# Indesit IWDC6125 Washer/Dryer Help



## lisa0307 (Aug 25, 2009)

Was given one of these washer/dryers by relatives who found it in their new house they moved in to recently but didn't want it.
Washes lovely but I can't get the dryer to dry properly. Never used one of these before and no instruction manual....looked on the Internet but I'm still none the wiser.
The heat is there but the clothes are not drying fully...they come out boiling hot but damp on every setting I've tried.
Obviously something I'm doing wrong but can't seem to find out what.
Does anyone have this model and can advise?
I can't find one but Is there a lint filter that needs cleaning maybe?
Have checked the water filter at the bottom of the machine and that is clean and free from dirt etc.
All help and advise much appreciated.
Thanks X


----------



## Elles (Aug 15, 2011)

lisa0307 said:


> Was given one of these washer/dryers by relatives who found it in their new house they moved in to recently but didn't want it.
> Washes lovely but I can't get the dryer to dry properly. Never used one of these before and no instruction manual....looked on the Internet but I'm still none the wiser.
> The heat is there but the clothes are not drying fully...they come out boiling hot but damp on every setting I've tried.
> Obviously something I'm doing wrong but can't seem to find out what.
> ...


There is a manual online, but the most common reason is too many clothes left in after the wash cycle. It can wash more clothes than it can dry, so it's probably worth taking out the wet clothes, drying the drum with a cloth or towel, then putting wet clothes in a few at a time. You might need to split the load into 3 depending how much you washed, but it's usually 2. It could be worth getting an engineer to give it the once over to check it's working safely though.


----------



## rottiepointerhouse (Feb 9, 2014)

No experience with that make/model but did have a washer dryer years ago and it frustrated the hell out of me - as Elles says it won't dry the whole load in one go and I found it took way way longer to dry stuff than a tumble dryer.
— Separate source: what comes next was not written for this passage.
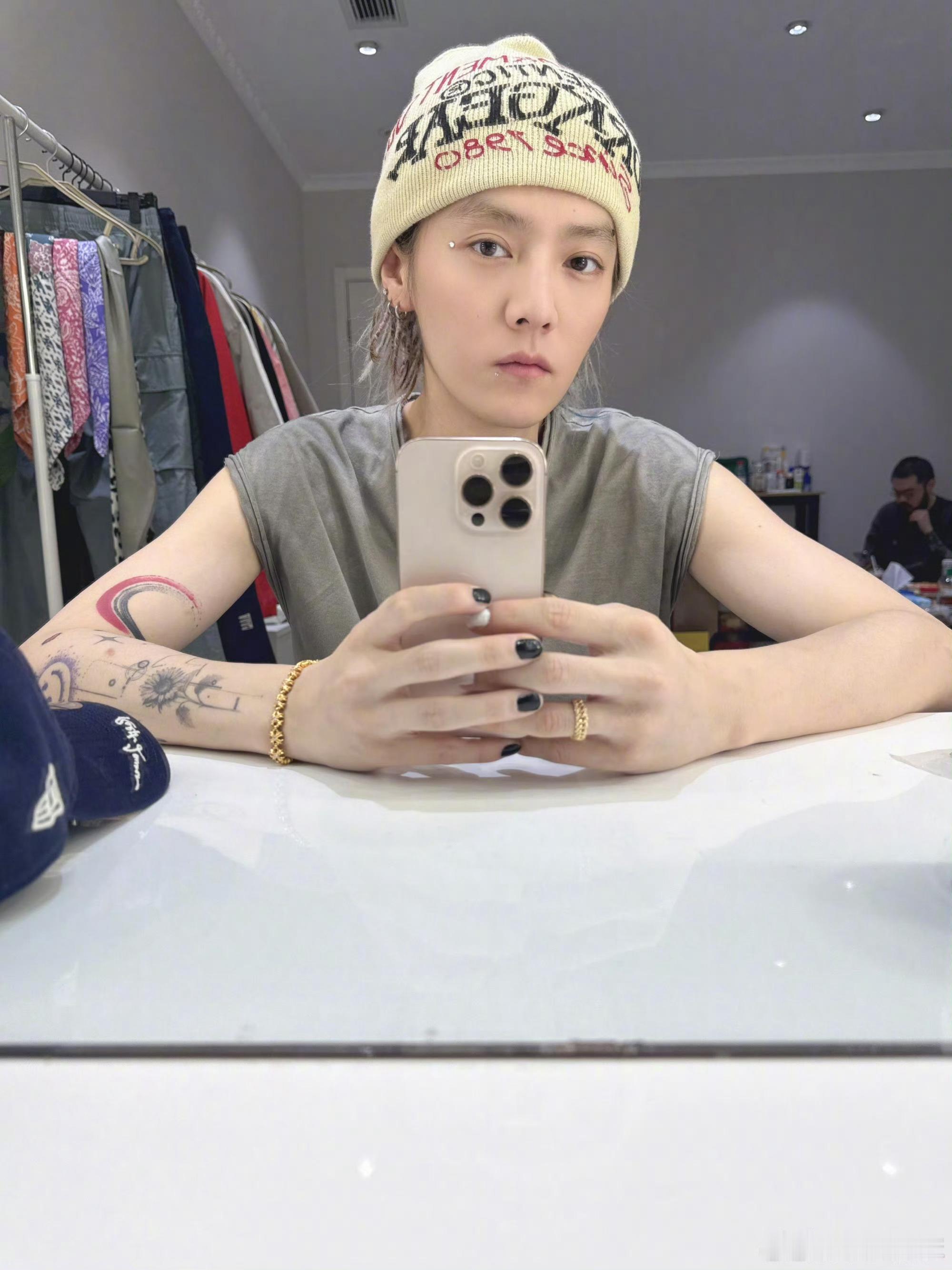 鹿晗抢票抢吧谁能抢过你们啊！鹿晗上海演唱会近2w张票光速售罄，鹿晗被限 流半年归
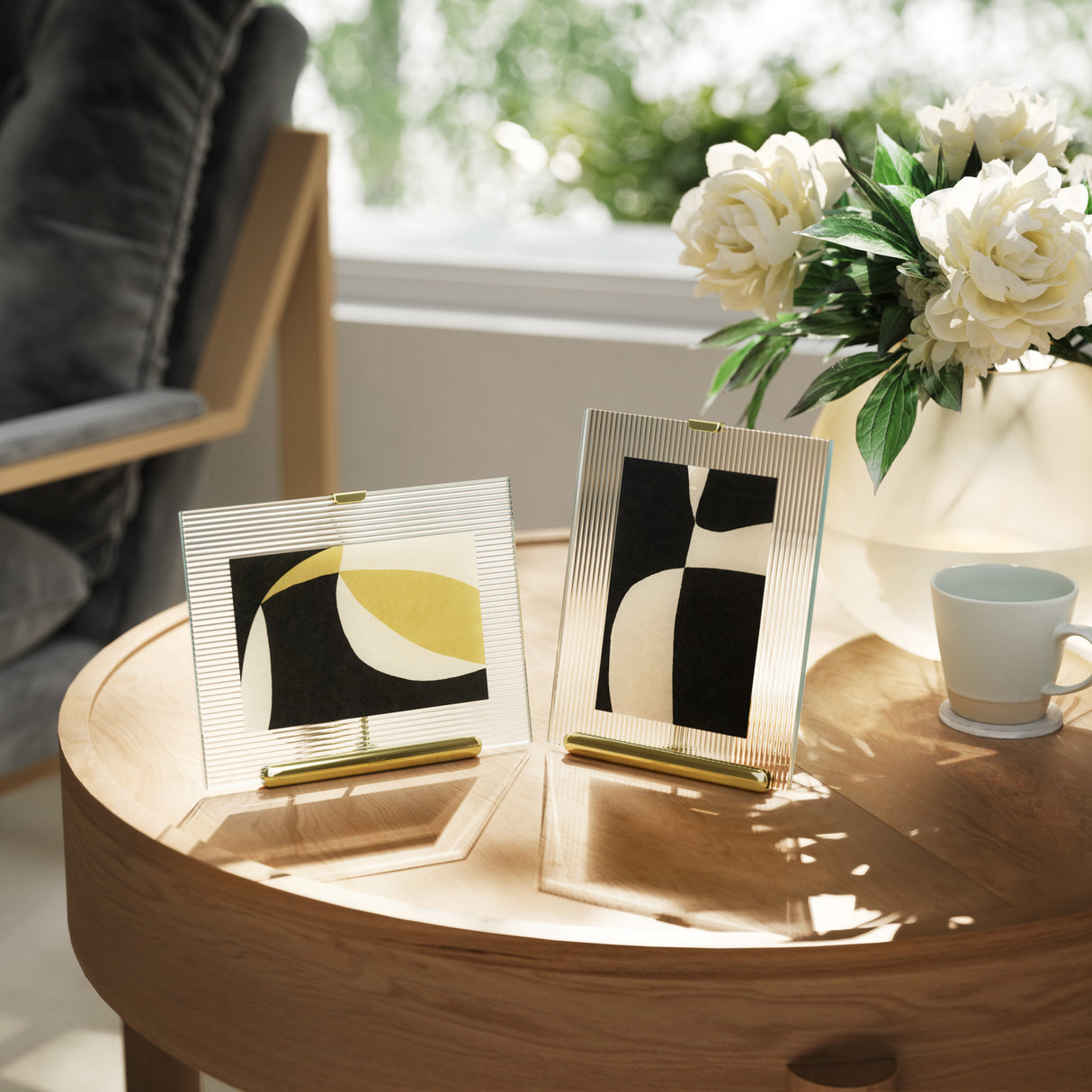 Tabletop Frames | color: Brass | size: 4x6" (10-15 cm) | Hover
I was glad to see the back of it when it stopped working and go back to two separate machines.


----------



## Michebe (Mar 28, 2017)

We had a washer/dryer and as it got older the less it dried, we have lots of people out to look at it when it stopped working and they would fix it only for it to break again as soon as they went so we decided to just use it as a washer and air dried the clothes until we could afford a proper drier, and when it evetually properly broke we replaced it with a washer only. Even when it was new it never dried everything completely and i would put the clothes on an airer for an hr or so to finish it off
.


----------



## Amelia66 (Feb 15, 2011)

Buying some good tumble dryer balls to go in with the washing will help it to dry better/faster too


----------



## ForestWomble (May 2, 2013)

Michebe said:


> We had a washer/dryer and as it got older the less it dried, we have lots of people out to look at it when it stopped working and they would fix it only for it to break again as soon as they went so we decided to just use it as a washer and air dried the clothes until we could afford a proper drier, and when it evetually properly broke we replaced it with a washer only. Even when it was new it never dried everything completely and i would put the clothes on an airer for an hr or so to finish it off
> .


This ^

I had an Indesit and while it was a good washer (compared to my previous washing machine) it was terrible at drying. After two years I got rid as it was costing me more then buying new machines, I now have two separate machines and haven't looked back.


----------



## TallulahCat (Dec 31, 2015)

My washer dryer takes a LONG time to dry anything. The drum is small so the clothes don't have much space to move around in there. A pair of jeans would take about an hour and a half. I wouldn't even consider drying a full load in it. I don't have space for two machines, but it's helpful for the occasional item needed in a hurry.


----------



## steveshanks (Feb 19, 2015)

I found the manual 
http://laundry.manualsonline.com/manuals/mfg/indesit/iwdc_6125_s.html
there is a download pdf link just above "instruction for use"


----------



## Wiz201 (Jun 13, 2012)

I've never heard any good stuff really about the combined washer/dryers. I prefer to use two separate machines.


----------



## Vanessa131 (Nov 16, 2014)

The holiday cottage we used to go to had one, we found the best method was to remove the washing and tumble any synthetics first, while this was drying we would hang up cotton items. When the synthetics were dry the cottons had dried enough to tumble in a decent enough time.


----------



## Lexiedhb (Jun 9, 2011)

Washer driers are notoriously RUBBISH at drying clothes. They take FOREVER, and can only do small amounts at a time, so if you do a full load of washing you need to dry it in about 4 separate "loads".

http://docs.whirlpool.eu/_doc/19507398902_UK.pdf


----------



## Wilmer (Aug 31, 2012)

I've never had a good experience with a washer/dryer. When I had one, I ended up only using it for washing and buying a cheap dryer. The amount of energy they take for not drying clothes, it's cheaper to buy a dryer!


----------



## lisa0307 (Aug 25, 2009)

Thanks everyone for your replies...very much appreciated x


----------